Your output must be the lines below from the line containing "Rockingham County NC" to the line containing "Map showing Hershey", both lines included, reproduced exactly and without pictures.
*** Opening of Records for this exercise ***
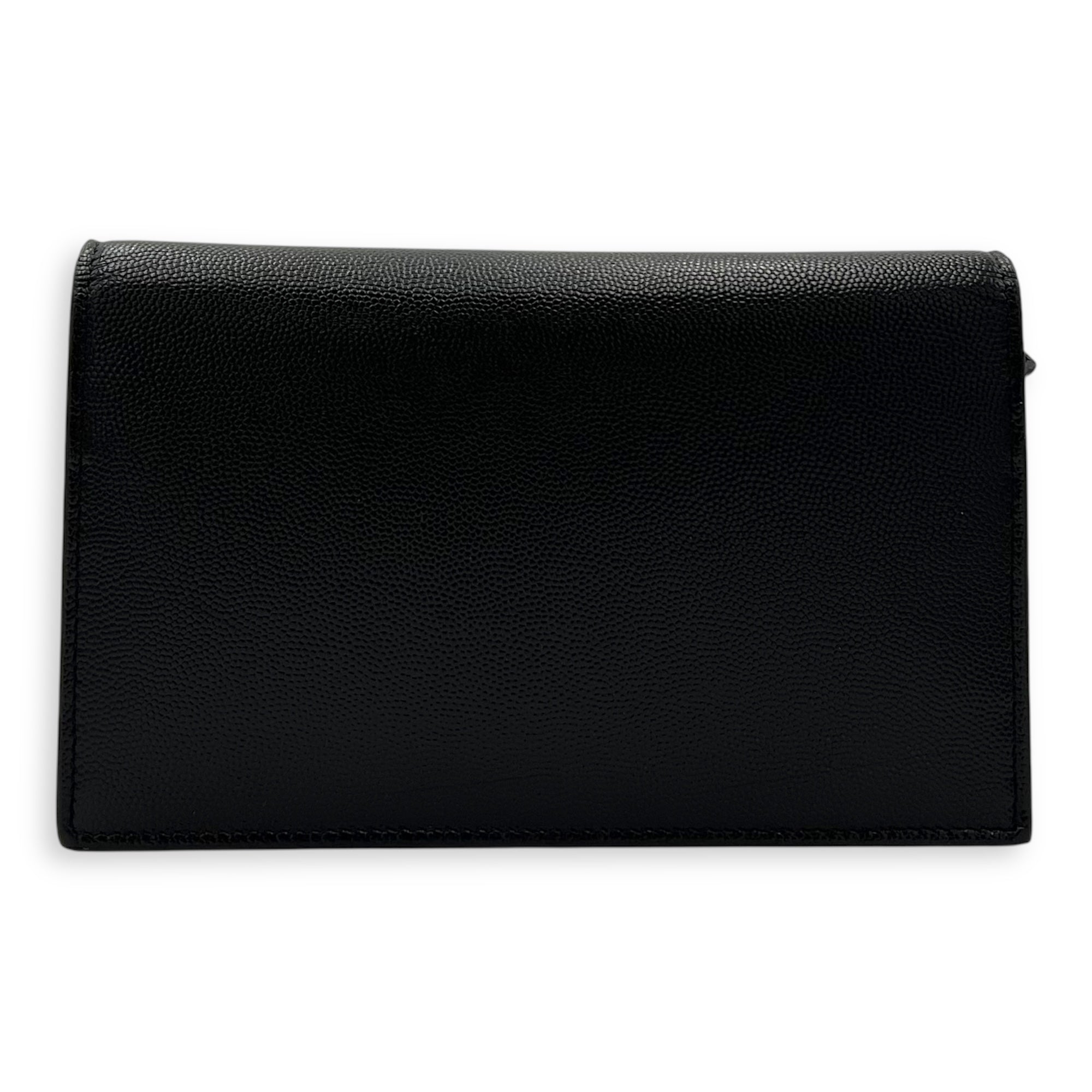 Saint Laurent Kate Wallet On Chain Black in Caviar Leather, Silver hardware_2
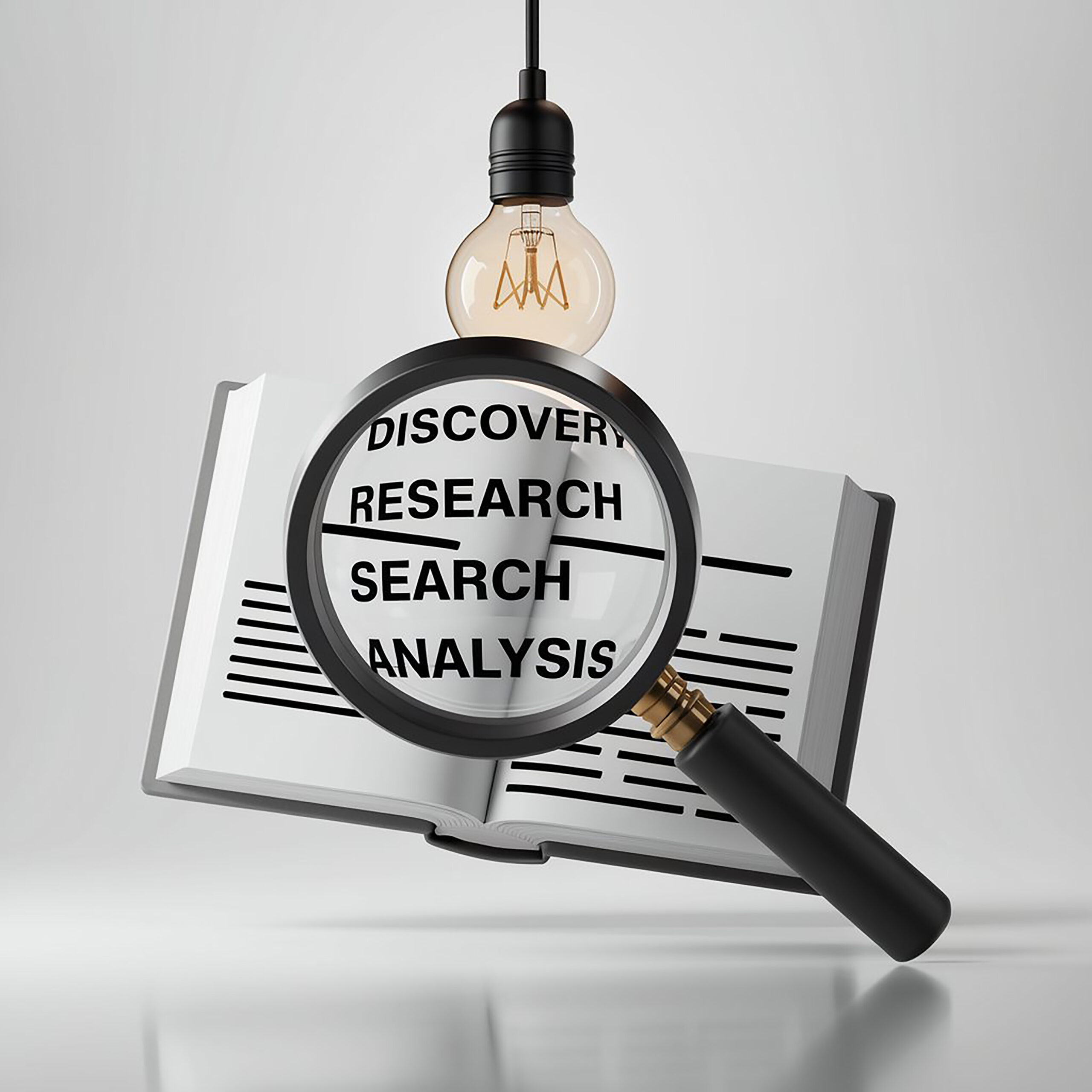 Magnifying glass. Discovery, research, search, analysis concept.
*** Close of Records for this exercise ***
*** Opening of Records for this exercise ***
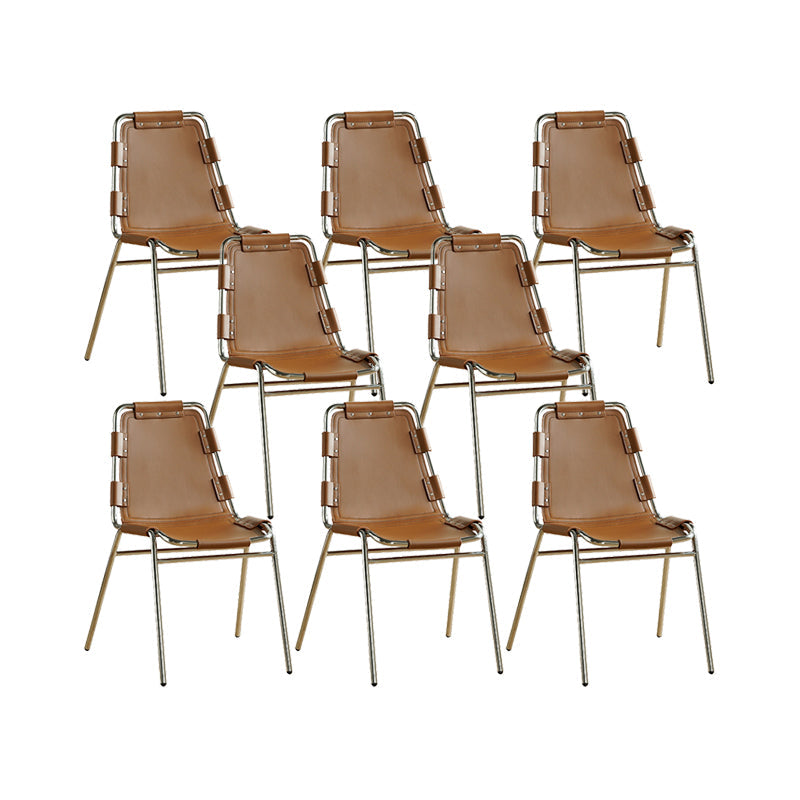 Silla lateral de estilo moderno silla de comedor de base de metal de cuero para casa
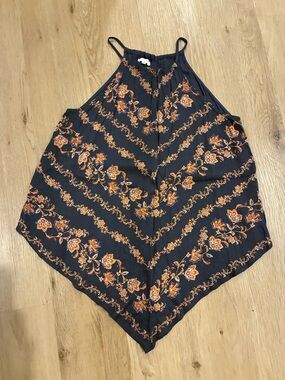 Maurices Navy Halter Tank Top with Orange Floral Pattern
*** Close of Records for this exercise ***
*** Opening of Records for this exercise ***
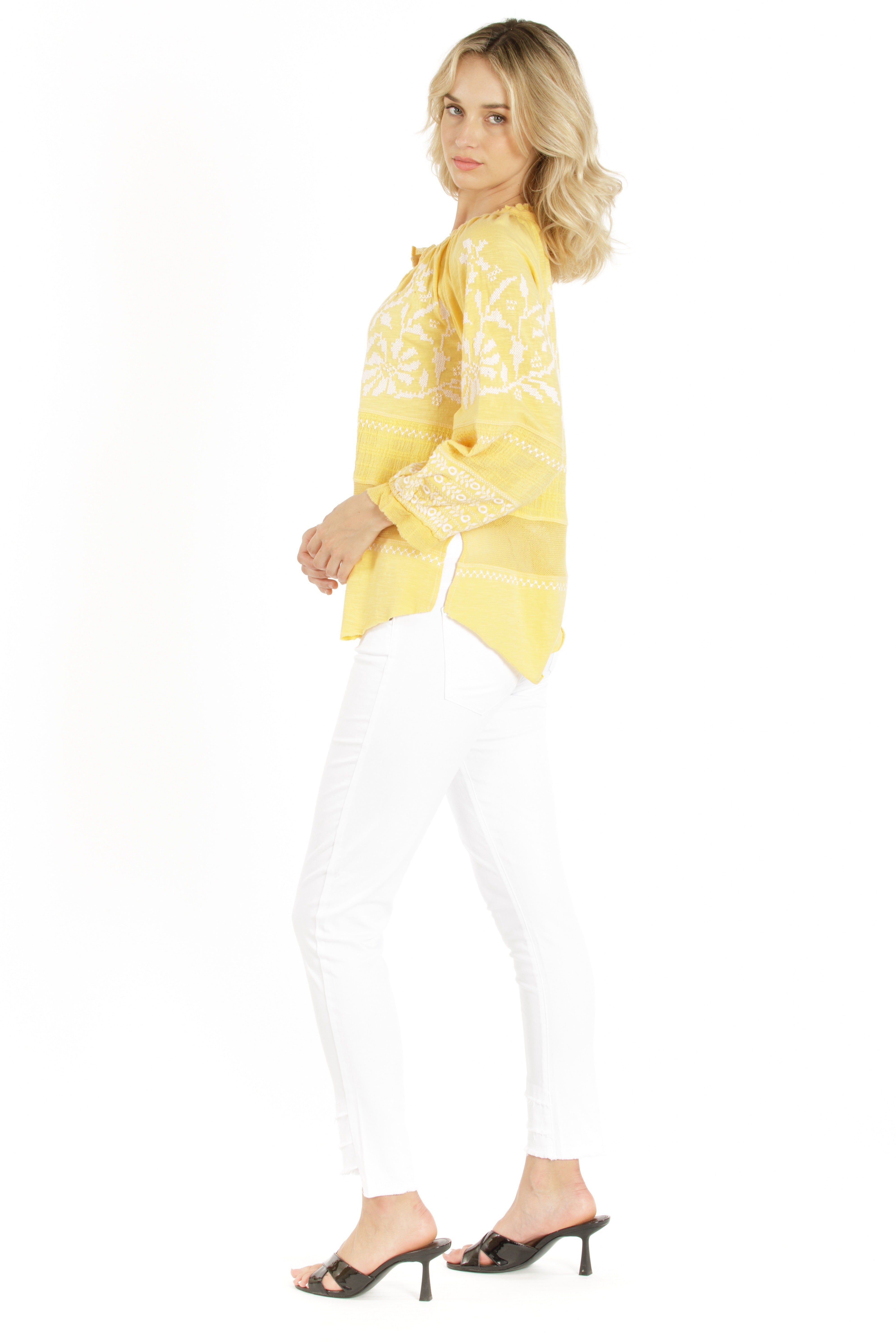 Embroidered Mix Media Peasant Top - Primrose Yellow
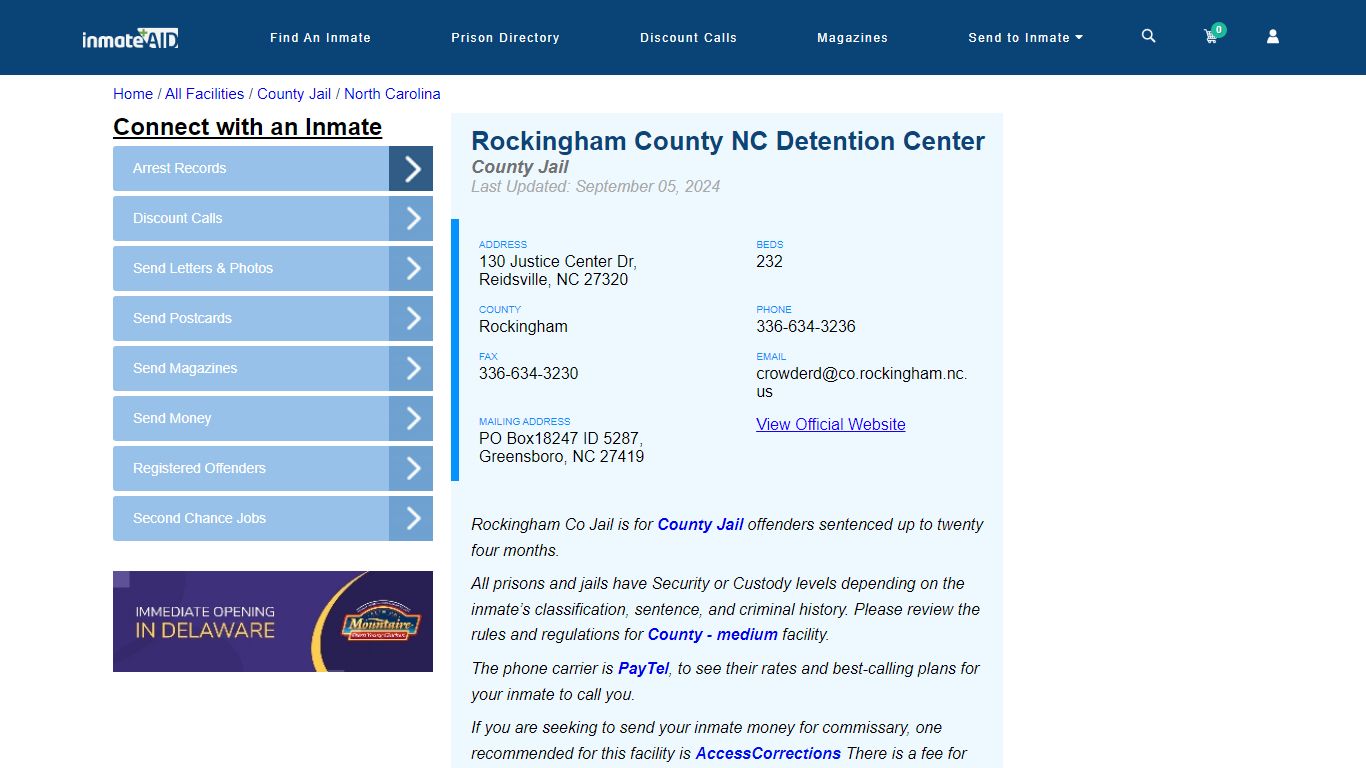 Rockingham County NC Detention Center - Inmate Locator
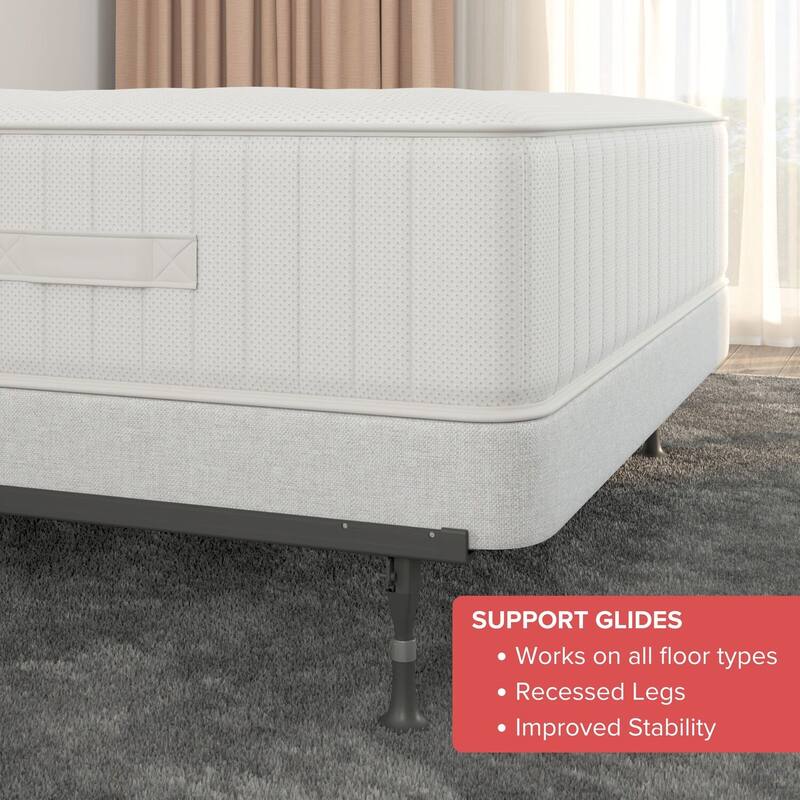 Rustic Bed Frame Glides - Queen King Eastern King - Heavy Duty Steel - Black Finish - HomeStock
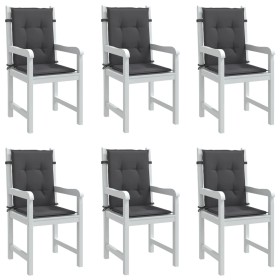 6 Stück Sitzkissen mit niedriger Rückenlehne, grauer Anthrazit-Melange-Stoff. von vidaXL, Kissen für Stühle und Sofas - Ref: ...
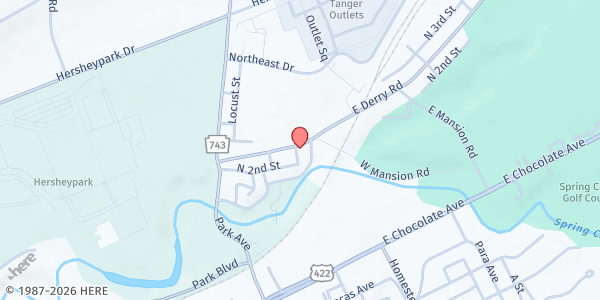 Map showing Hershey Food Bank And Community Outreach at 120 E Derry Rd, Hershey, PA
*** Close of Records for this exercise ***
→ Exercise response
 Rockingham County NC Detention Center - Inmate Locator
 Rustic Bed Frame Glides - Queen King Eastern King - Heavy Duty Steel - Black Finish - HomeStock
 6 Stück Sitzkissen mit niedriger Rückenlehne, grauer Anthrazit-Melange-Stoff. von vidaXL, Kissen für Stühle und Sofas - Ref: ...
 Map showing Hershey Food Bank And Community Outreach at 120 E Derry Rd, Hershey, PA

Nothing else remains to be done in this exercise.